Л.Б. Нет, не удалось. Мне стыдно называть зарплаты, которые мы платим сотрудникам. Стыдно называть гонорары, которые мы платим нашим авторам, тому же Панарину. Если бы он публиковался в каком-нибудь "Мегаполисе", получал бы раз в двадцать больше, чем у нас. Поэтому у меня нет чувства удовлетворения. Есть ощущение вины, что не сумел сделать задуманное. Я, конечно, могу оправдываться: так во всех литературных журналах любой ориентации. От этого не легче. Выживут ли толстые журналы? Думаю, выживут. Конечно, не будет советских тиражей. Но вспомним, какой был тираж у пушкинского "Современника"? Или у Некрасова? Всегда тиражи были небольшие, а значимость у журналов была. То, что было при советской власти, — это феномен, который требует особого разговора. Больше никогда таких тиражей не будет. А русская литература — будет. Наши журналы становятся по-хорошему элитарными, и в этом качестве они выживут. Это одна из наших русских национальных традиций. Любой побывавший на Западе писатель знает, что такие журналы есть только у нас, в России. Там журналов — завал, но иные, с иными целями. Наша литературная традиция — толстые литературные журналы. Сохранить её — уже важная задача.
В.Б. Кто тебе близок в журнальной политике? Какие журналы считаешь своими конкурентами в хорошем творческом смысле?
Л.Б. У каждого журнала свои авторы. Конечно, наши авторы печатаются в "Нашем современнике", их авторы печатаются у нас. У нас есть с этим журналом определённая близость. Есть какие-то сближения с другими журналами. Олег Павлов, к примеру, печатается в "Октябре", печатается и у меня. Я против лютой литературной борьбы. Не возражал бы и против Маканина у нас. Буду рад любому автору, если он не похабник и не халтурщик. Я готов печатать любого талантливого русского писателя, где бы он до того ни печатался и в каких бы коалициях он ни состоял. Но, конечно, если он пишет в рамках традиций русской литературы. Хотя тот же Виктор Ерофеев тоже считает себя русским писателем. А я думаю, что это просто вывих русской литературы. Может быть, интересный, может быть, талантливый. Думаю, что талантливый.

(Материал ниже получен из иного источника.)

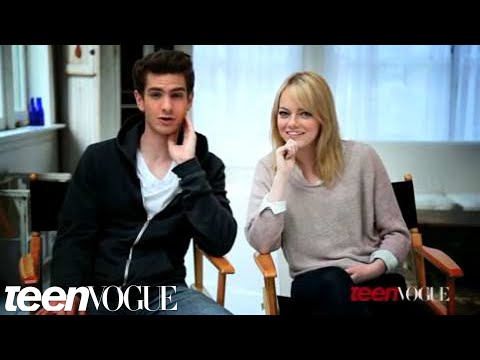 Emma Stone and Andrew Garfield on set at their Teen Vogue photoshoot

В.Б. Сегодня вывихов набирается довольно много, особенно в молодой прозе; что делать будем, вышвыривать за борт? Тот же Сорокин, тот же Пелевин, та же Витухновская… Тебе не кажется, что сегодня эти вывихи осознанно культивируются нашим государством? Такова наша культурная политика…
Л.Б. Нет. У нас государства пока ещё нет. Пока ещё царит смута. Государство не может рыть себе яму. Как только государство начинает стабилизироваться, оно начинает отсекать от себя все разрушающие моменты, какое бы государство ни было — левое, правое, ещё какое-либо. Так все абстракционисты в двадцатые годы потихонечку выплыли из России. Они не нужны были в строящемся государстве. Кончился процесс разрушения. Так же изменился слог русских литераторов в конце двадцатых годов, того же Леонова, Эренбурга. Ломаный, с причудами — оказался не нужен. Любое государство — не есть обязательное добро во всём. Но это бытие народа.